Aber all das genügt nicht. Die Geschichte läuft sich zu Tode. Es fehlt das Feuer(werk).

Lesen sie lieber Charles Lewinskys kolossalen Roman „Andersen“. Die Geschichte eines Folterchefs, dem die Fähigkeit zur Empathie gänzlich fehlt. Ein Fehlen, dass diesen zum Meister macht. Andersen ist Geburtshelfer der Wahrheit, weil die Wahrheit stets Last ist, die man mit sich herumträgt und doch viel lieber los sein will. Es sei viel interessanter, eine Figur zu erfinden, die weit von ihm entfernt sei, meinte der Autor. Der Roman wurde zu einer Versuchsanordnung mit der Frage: Wenn es frühere Leben gibt, was wäre, wenn man sich an sie erinnern würde? Das Böse aus der Geisterbahnperspektive ist interessanter als das Gute. Lewinsky spielt in diesem überraschenden Roman mit Bildern, mit dem Schauer des Bösen. „Ganz im Gegensatz zu allen anderen Büchern, die ich schrieb, war die Figur dieses Romans mit einem Mal da und zwang mich zu schreiben. Und mit dem Schreiben entwickelte sich die Geschichte, die keine Botschaft haben muss, beim Leser aber etwas auslösen soll. Was, das kann ich nicht bestimmen, nur hoffen, das es passiert.“ Ein ungeheuer gutes Buch, mit dem Charles Lewinsky es 2016 verdient hätte, den Schweizer Buchpreis zu gewinnen!

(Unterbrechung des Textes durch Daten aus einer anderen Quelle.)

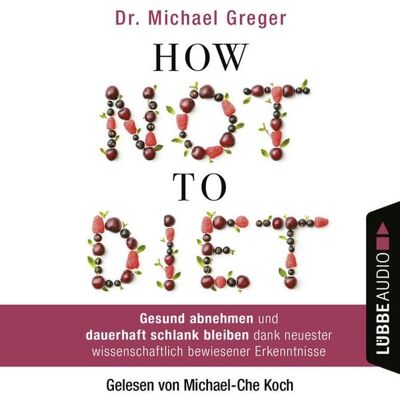 Lübbe Audio How Not to Diet Lübbe Audio How Not to Diet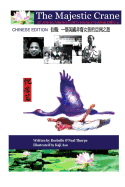 The Majestic Crane: Chinese Edition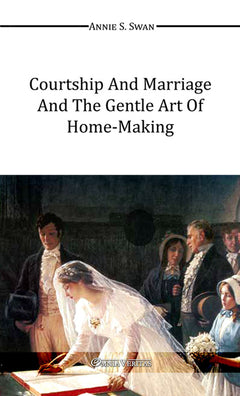 Courtship and Marriage and the Gentle Art of HomeMaking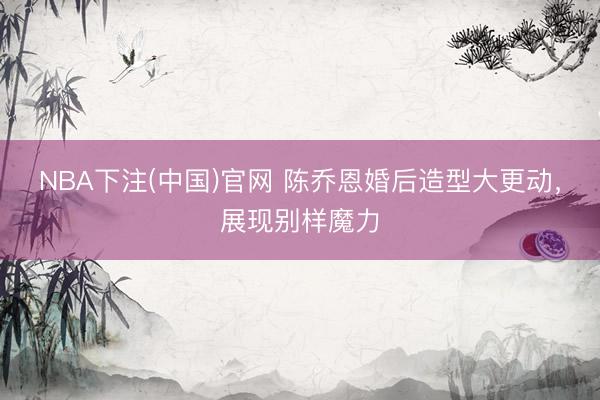 NBA下注(中国)官网 陈乔恩婚后造型大更动，展现别样魔力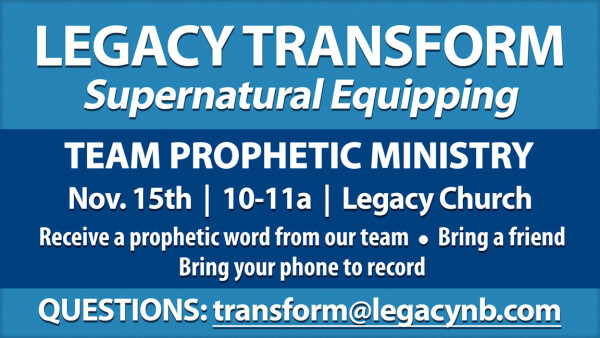 Legacy Church - Team Prophetic Ministry - Saturday, Nov. 15, 2025
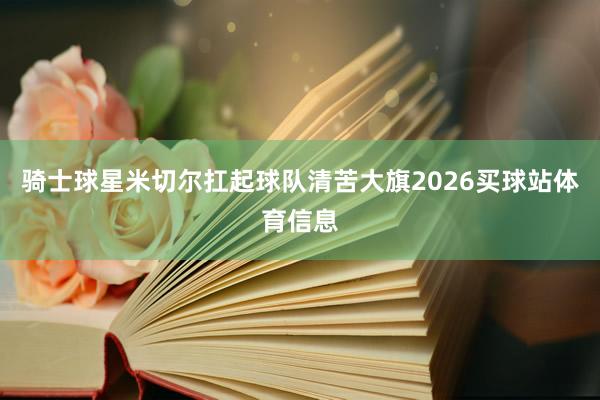 骑士球星米切尔扛起球队清苦大旗2026买球站体育信息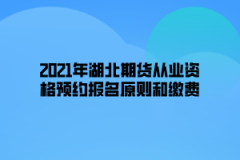 2021年湖北期貨從業(yè)資格預(yù)約報名原則和繳費(fèi)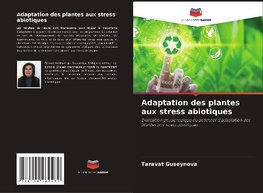 Adaptation des plantes aux stress abiotiques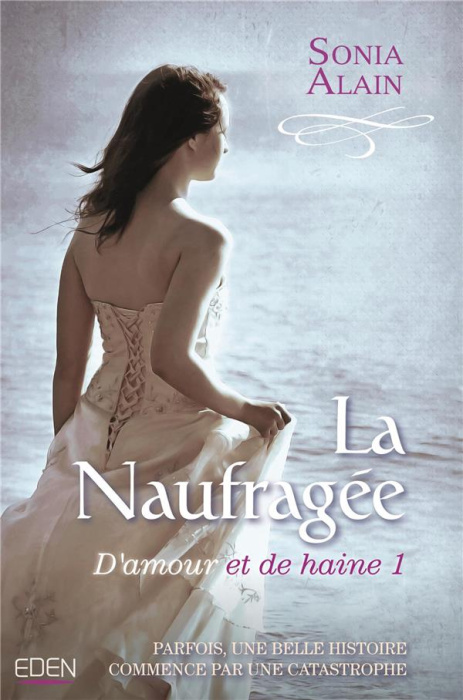Emprunter D'amour et de haine Tome 1 : La naufragée livre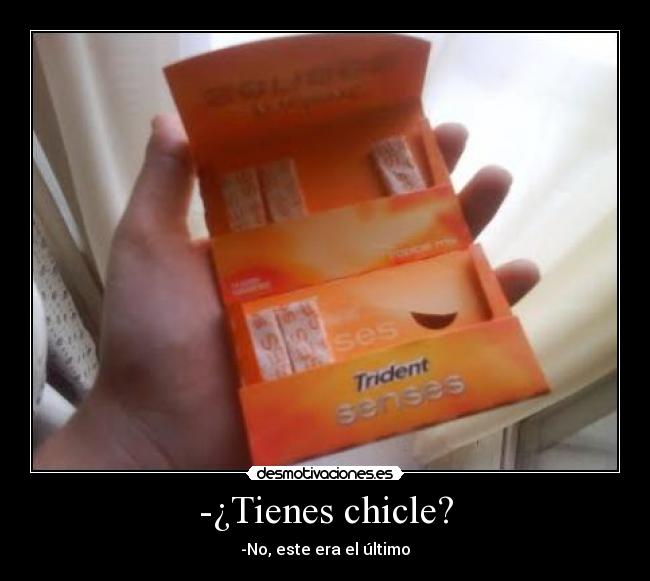 -¿Tienes chicle? - 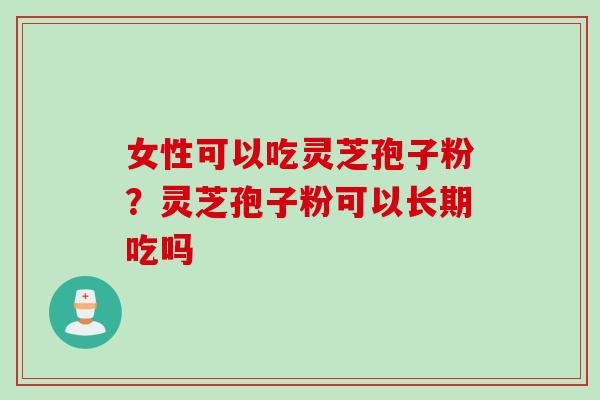 女性可以吃灵芝孢子粉？灵芝孢子粉可以长期吃吗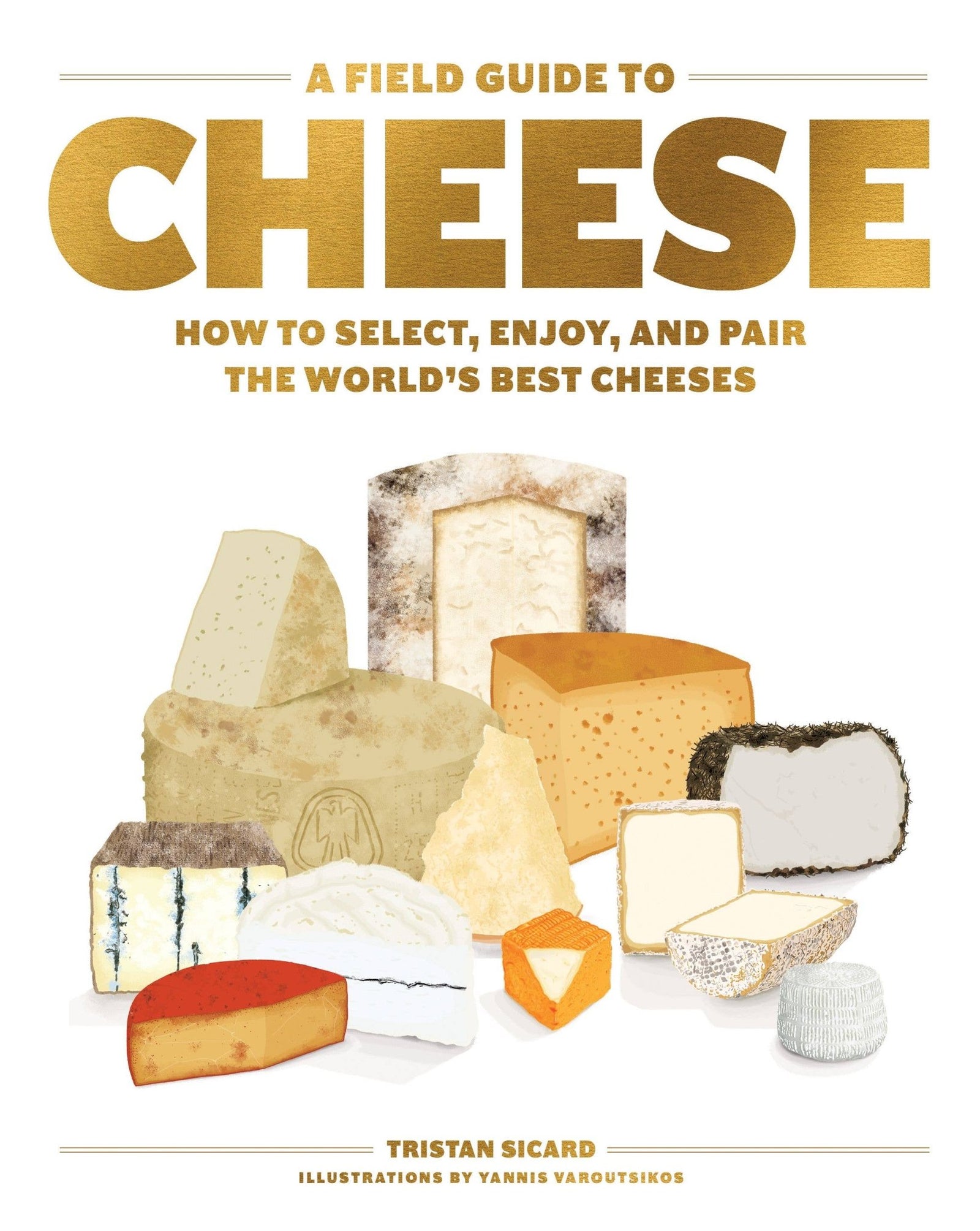 A Field Guide to Cheese Entertaining Cookbook - The Collective Park City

Charles Lewinsky wurde 1946 in Zürich geboren. Er arbeitete als Dramaturg, Regisseur und Redaktor. Er schreibt Hörspiele, Romane und Theaterstücke und verfasste über 1000 TV-Shows und Drehbücher, etwa für den Film „Ein ganz gewöhnlicher Jude“, (Hauptdarsteller Ben Becker, ARD 2005). Für den Roman „Johannistag“ wurde er mit dem Schillerpreis der Zürcher Kantonalbank ausgezeichnet. Sein Roman „Melnitz“ wurde in zehn Sprachen übersetzt und vielfach ausgezeichnet, u.a. in China als Bester deutscher Roman 2006, in Frankreich als Bester ausländischer Roman 2008. Lewinskys jüngsten Romane wurden für die bedeutendsten deutschsprachigen Buchpreise nominiert: „Gerron“ für den Schweizer Buchpreis 2011, „Kastelau“ für den Deutschen Buchpreis 2014 und „Andersen“ für den Schweizer Buchpreis 2016.